GRE

I’ve put off taking my GRE for a little over a year now. 

My plan was to take it before I completed undergraduate but that didn’t happen. Then the plan was to take a year off school then go back. That also isn’t going to happen because I’ve put off taking my GRE. 

I now have it scheduled for this Saturday. I’ve been studying but I’ve continually have the feeling of I could be doing more. You can always be doing more when it comes to studying and school. It’s a constant stress that you feel guilty for taking a break from. 

I’ve been struggling to actually comprehend what I need to learn for the GRE. It’s generalized testing, which isn’t my favorite. What’s the probability that what I learn will even be on the test?

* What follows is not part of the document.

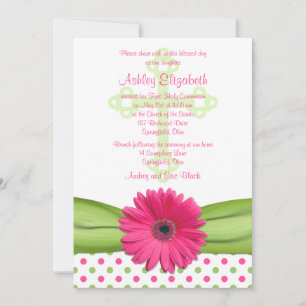 El Polka Verde Rosa Dots es la primera invitación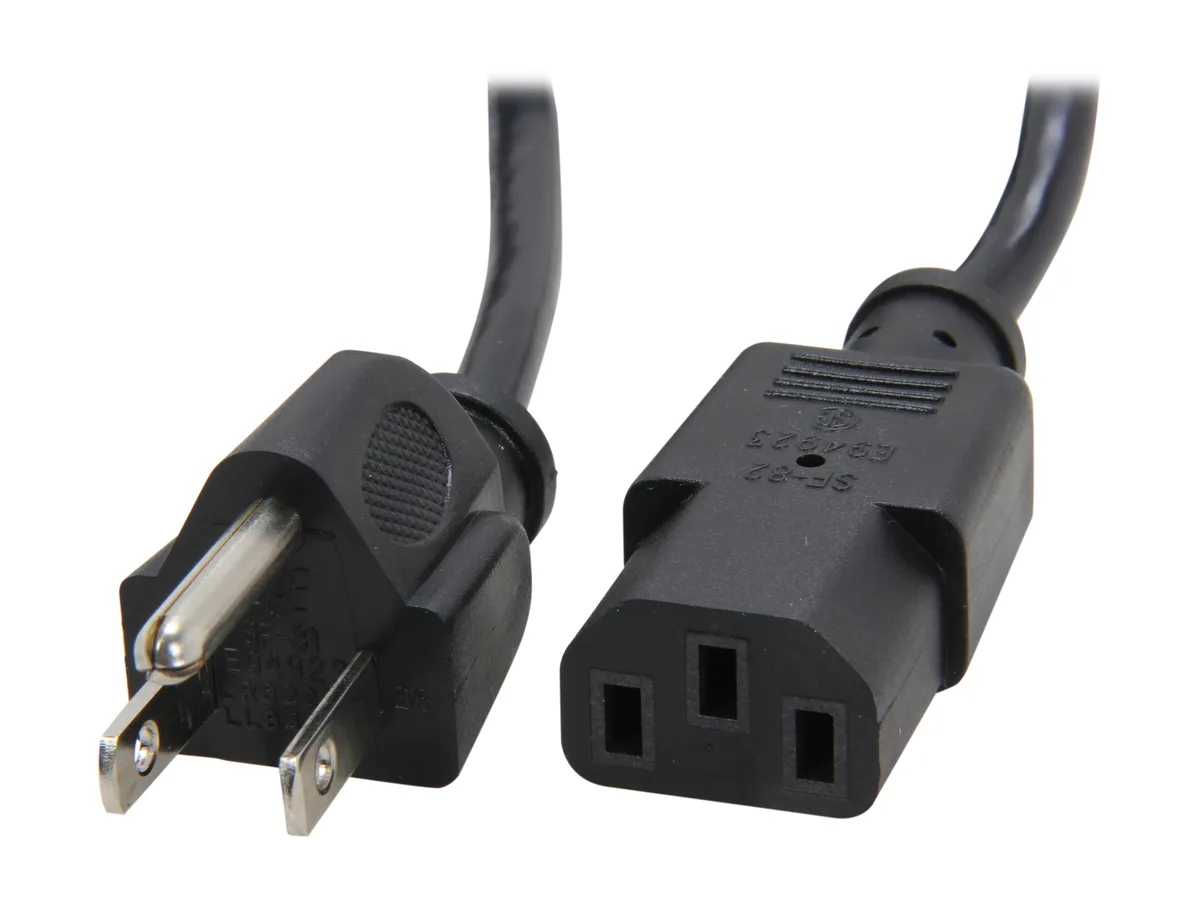 STARTECH STARTECH PXT10120 computer power cord 20 ft NEMA 5-15P to C13 18 AWG 10A 125V — product photo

I could spend hours learning more about exponents and fractions but what’s the actual chance that figuring out how to do them will benefit me on the test? 

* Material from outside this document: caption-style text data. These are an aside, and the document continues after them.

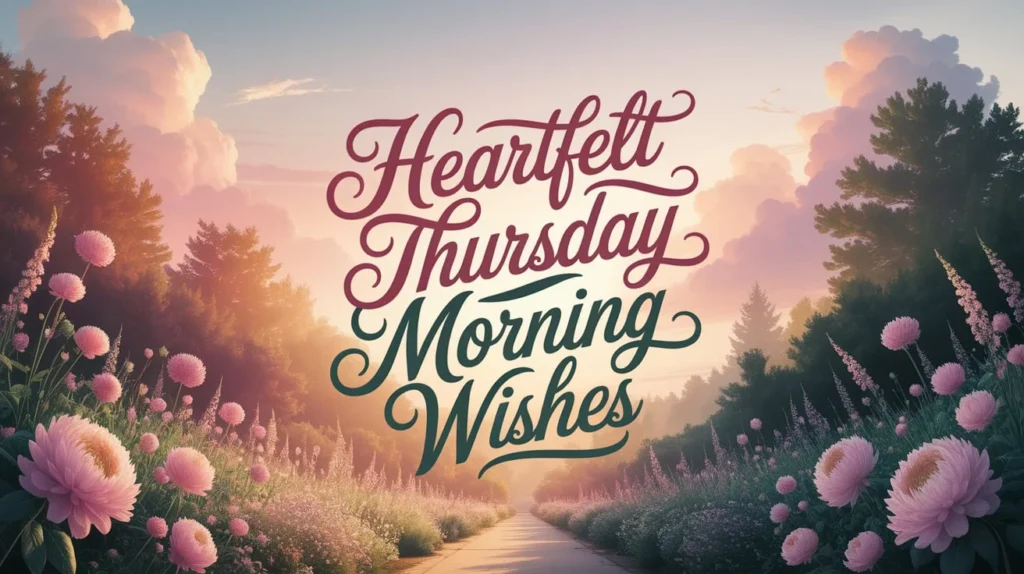 Heartfelt Thursday Morning Wishes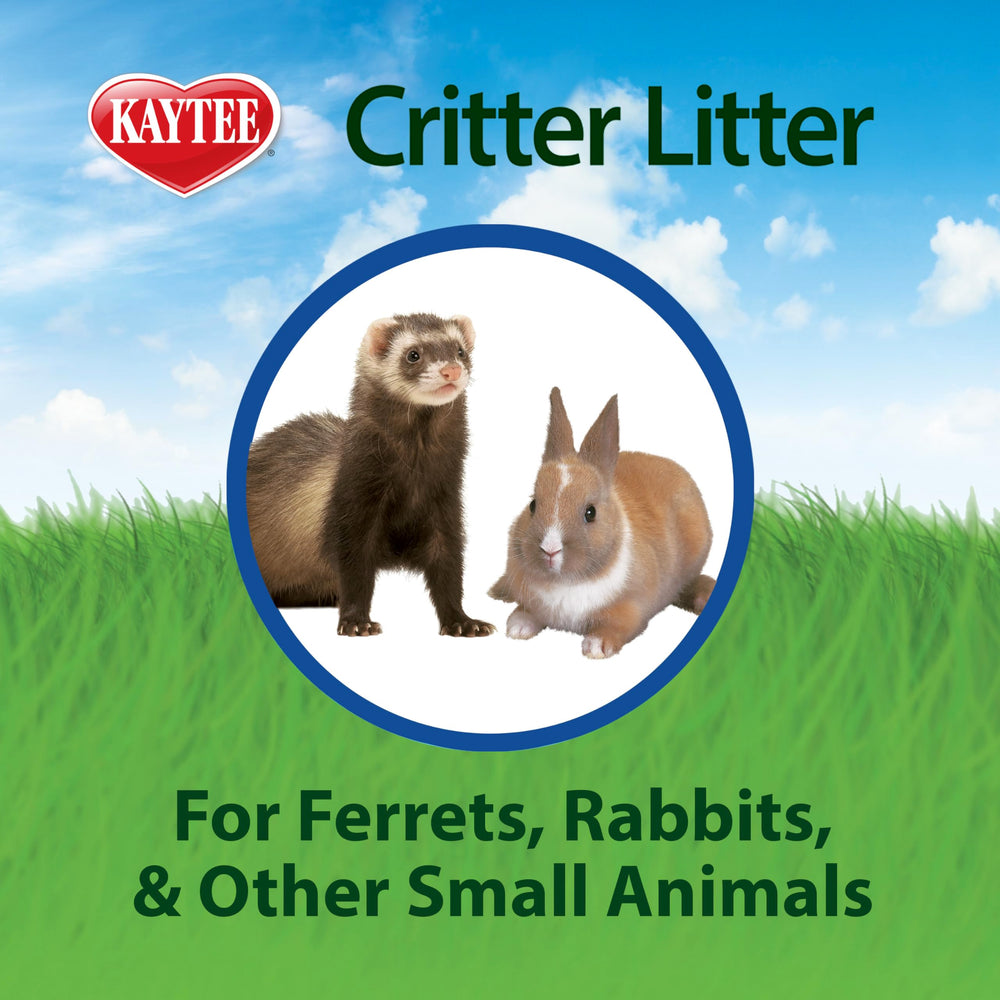 Kaytee Critter Litter para hurones y conejos.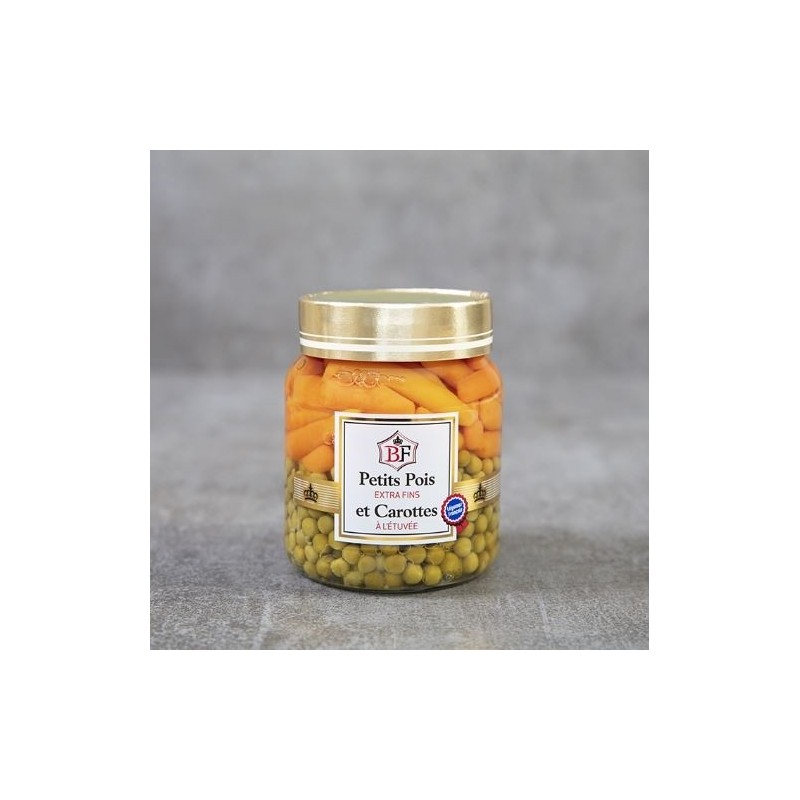 PETITS POIS ET CAROTTES 220gr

What ifs, what if, what freaking ifs keep crawling their way into my brain. They consume me. They blacket the potential forward momentum with its doubts. 

Does it even matter? Do I even want to go to graduate school? Do I want my masters? My doctorate? School nearly kills me every semester, correction, I consider death as a possible solution.
School becomes the only thing I know. It’s the only thing that matters. I could be doing more and I’m not so therefore I’m a failure.

I cut myself off from the world because of the guilt I feel when I’m not doing school related things. There isn’t a balance. I hear that graduate school has no balance for people that normally have balance. What happens when an unbalanced persons does more unbalancing things? Graduate school may be the end of me. 

Backing things up about 17 steps, I have the GRE on Saturday. Am I prepared? Well, depends on who’s standards your going by. If you’re asking me personally, do I think I’m prepared? No, never will be, I’ll never be good enough. 

5 thoughts on “GRE

  1. They were more lenient about advanced standing (I will enter my PhD with a MSc in hand) than my other choice, although both Minnesota and Notre Dame did research in cosmic inflation; basically one needs to have an A- or better in a graduate course provided the course is equivalent to a graduate course taught at Minnesota and taken after graduation for it to count towards advanced standing. If you took a graduate course as an undergrad, then you can only get it waived but not count towards advanced standing (that’s university-wide though), then again you still need an A- or better.